Last November, leading national dailies The Hindustan Times and The Times of India had reported that porters in the Food Corporation of India (FCI) were earning a up to Rs 4 lakh a month, carrying home double the pay of its managing director. According to the reports, each loader, a permanent employee of the FCI, earned an average salary of Rs 79,500, equivalent to that of Senior Category-1 officers (deputy general managers).
Such stories inspire Indian literate job-seekers. The perks are so amazing that it can compensate for the rank. When money sings, who cares about carrying sacks of grains on their backs?
But this reflects a sorry state of India. Although the ruling government is all gung-ho about the Start-up India initiative to give that little push to wannabe entrepreneurs, it seems lot needs to be done to tackle unemployment in India. Blame it on lack of resources, business experience or just plain unwillingness, majority of the Indian youth will prefer a sarkari job than setting up a business.

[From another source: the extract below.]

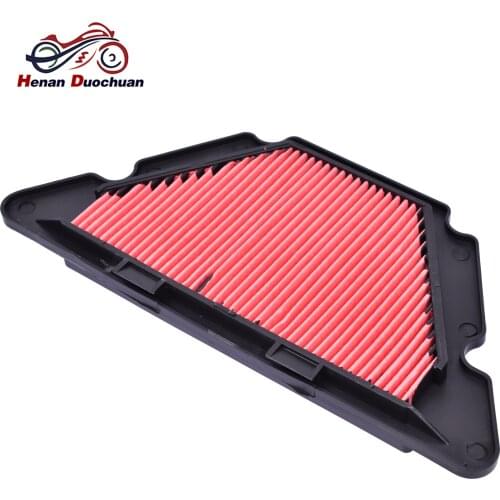 Air Filter Cleaner For Yamaha FZ6R 36P 2009-2017 XJ6 ABS 20S 36B XJ6 SP 2013-2016 XJ6 Diversion ABS 36C 09-16 XJ6S XJ6F ABS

As per UNESCO, India’s overall literacy rate is 72.1%. But the demand-supply gap between job and education is staggering. Ten million Indians with graduate, post-graduate and technical degrees were looking for work, meaning that 15% of all Indians with the highest levels of education were seeking job as of 2011. Kerala had India’s highest graduate unemployment rate at over 30%. The data emerges from new Census 2011 numbers analysed by The Hindu.
Instead of gloating on high literacy rates, we need to shift our focus towards employment. That will be the real progress of India.